● **Problem details**:
Only the text should come through, so restate the listing exactly and drop its images.

[Information provided Boundary: Start]

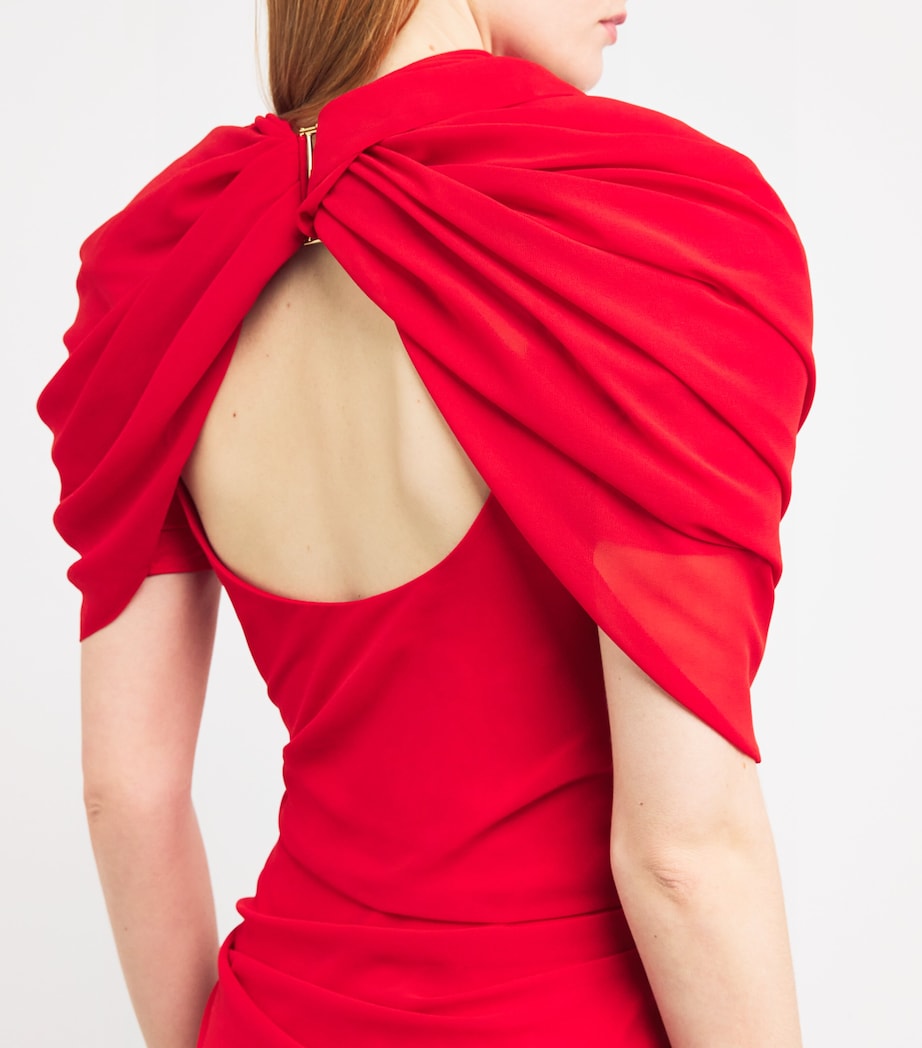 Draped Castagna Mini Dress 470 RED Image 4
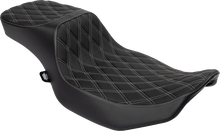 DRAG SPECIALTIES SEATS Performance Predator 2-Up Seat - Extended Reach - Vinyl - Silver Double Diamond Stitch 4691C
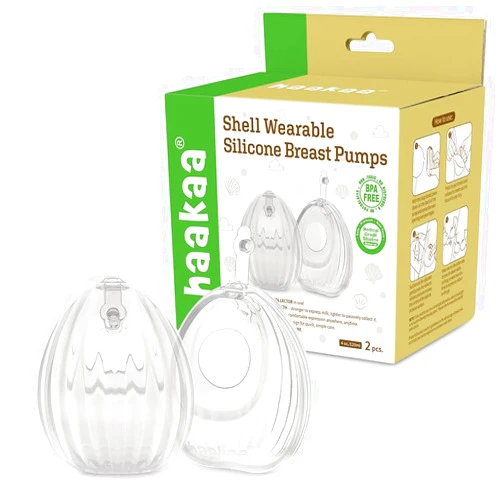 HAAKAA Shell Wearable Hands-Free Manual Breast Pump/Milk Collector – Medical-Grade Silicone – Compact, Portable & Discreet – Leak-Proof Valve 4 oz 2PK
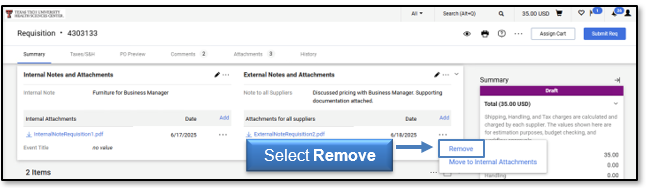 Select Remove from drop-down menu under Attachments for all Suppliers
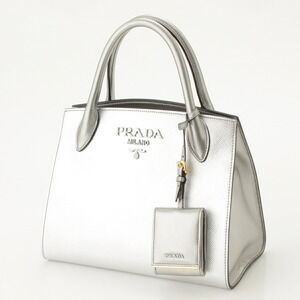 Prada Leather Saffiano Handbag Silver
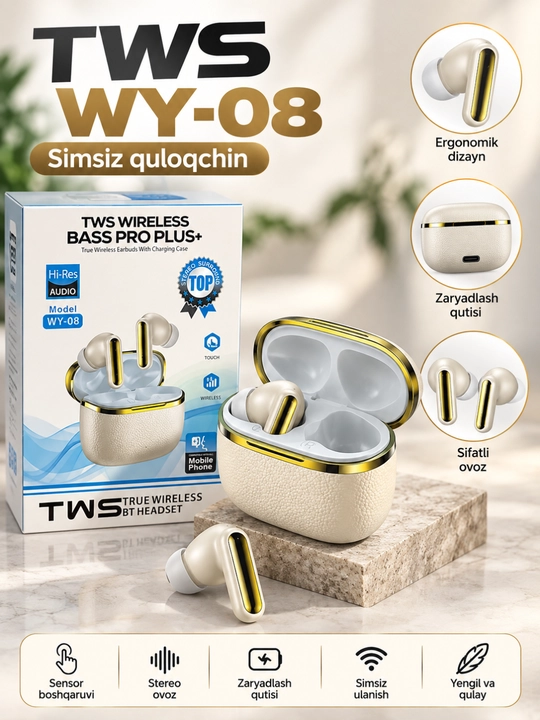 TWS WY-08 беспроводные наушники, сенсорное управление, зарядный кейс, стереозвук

[Information provided Boundary: End]

● **Result of this task**:
 Draped Castagna Mini Dress 470 RED Image 4
 DRAG SPECIALTIES SEATS Performance Predator 2-Up Seat - Extended Reach - Vinyl - Silver Double Diamond Stitch 4691C
 HAAKAA Shell Wearable Hands-Free Manual Breast Pump/Milk Collector – Medical-Grade Silicone – Compact, Portable & Discreet – Leak-Proof Valve 4 oz 2PK
 Select Remove from drop-down menu under Attachments for all Suppliers
 Prada Leather Saffiano Handbag Silver
 TWS WY-08 беспроводные наушники, сенсорное управление, зарядный кейс, стереозвук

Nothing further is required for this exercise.